MUSIC OF AN ANGEL
By: Dr. Don Noyes-More Ph.D.
“If there be for him an angel, one out of a thousand, A mediator, to show him what is right
for him and bring the man back to justice,
He will take pity on him and say,
‘Deliver him from going down
into the abyss;
I have found him ransom’...”
IT was a chilly summer Monday morning in downtown San
Francisco. Fog slipped
over the building tops casting brooding dark shadows between the high-rises. 6 AM was rather quiet and there were few people
on the wet streets. I was walking to my office building when I heard this wonderful gospel music. It sounded like it was coming
from the tops of the buildings. “Someone must be playing a stereo,” I thought to myself. The voice played off
the buildings, adding echoes and deep tones. “I’ve got to find out where that music is coming from!” I thought
to myself. I walked up a block and turned the corner. Leaning up against a rose-colored granite building was an old Black
woman. She was wearing sackcloth. It was brown burlap to be exact. She had made a simple pullover dress of it. Her eyes were
looking skyward, and she was singing a beautiful gospel tune. From time to time her face would break open in a big smile,
and she would wave her hands above her head. The music held me motionlessly in place. The song was beautiful.
I stood listening for a few
minutes, quite taken by this lady’s singing ability. “Poor thing,” I thought to myself. “So much talent
but old and homeless!”
I reached into my back pocket and pulled out my wallet, “Five dollars might be nice. It will help,” I thought
to myself. She paused in her music and lowered her eyes directly at me. She smiled as if very contented and comfortable. I
walked near her, “Here, this is for you.” I held out my five-dollar bill. Her smile left her face but she held
out her thin hand, and took the money. All the while she was staring at me deeply without pause. Then her smile came back
and she put the money back into my hand. With her hand and long dark fingers she tightly closed my hand around the money.
“Don’t you know
you can’t pay for God’s love? The love of God is free!“She said smiling.
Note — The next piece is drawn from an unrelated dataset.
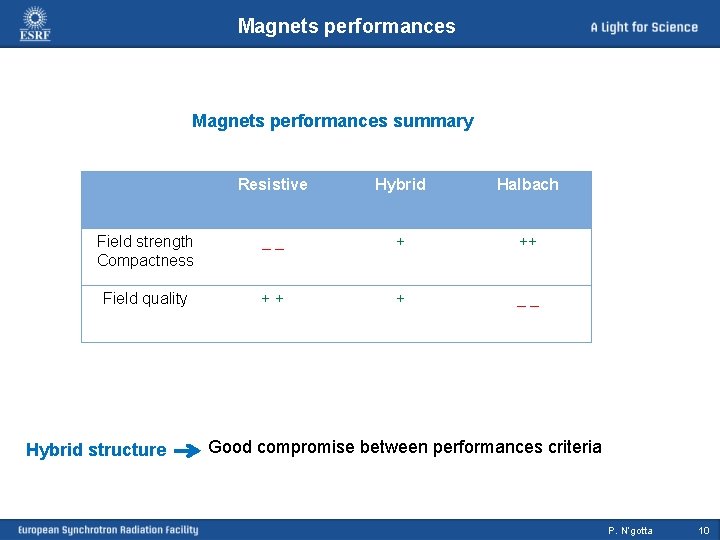 Magnets performances summary Resistive Hybrid Halbach Field strength Compactness __ + ++ Field quality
I was utterly stunned. I was filled with shame. I couldn’t look her in the face. I stood there head
down holding my five dollar bill. I tried to pay for something holy. I was profoundly wrong and ignorant. I thought she had
nothing, and that I was a person with something. I realized my poverty and her wealth. Meeting her was also
a painful pivot in my life. Things for me would never be the same. She schooled me by putting a mirror up to my face. I learned
her lesson, but it took its time.
I saw Angel twice after that first encounter. Both times she was singing, both times in the quiet of early
morning San Francisco. “Hi Angel!” I shouted. She smiled and nodded at me and continued singing, her eyes looking
upward, her voice clear and refreshing.
The second time we met she looked at me, stopped singing and said with joyful bright eyes,“God
loves you.(long pause) He told me to tell you.”
I smiled, “Thank you, Angel. Bless you!” I felt something electric shoot through
smiled and nodded at me, “It’s Him that does it!”She turned her eyes upward and softly continued
to sing her hymn.
I stood humbled and quiet on holy ground. Angel’s song was moving within my soul. I stood there for what seemed
a long time and finally turned walking away with tears in my eyes, hands shaking.
Many mornings I searched for Angel between the tall, fog-shrouded buildings, but she had gone.
I kept thinking I could hear her songs, and then I’d turn the corner and she was not there, only another cold building.
I was never to see Angel again.
But I know she’ll be there when I’m ready to go home. Until that time her songs are in my heart.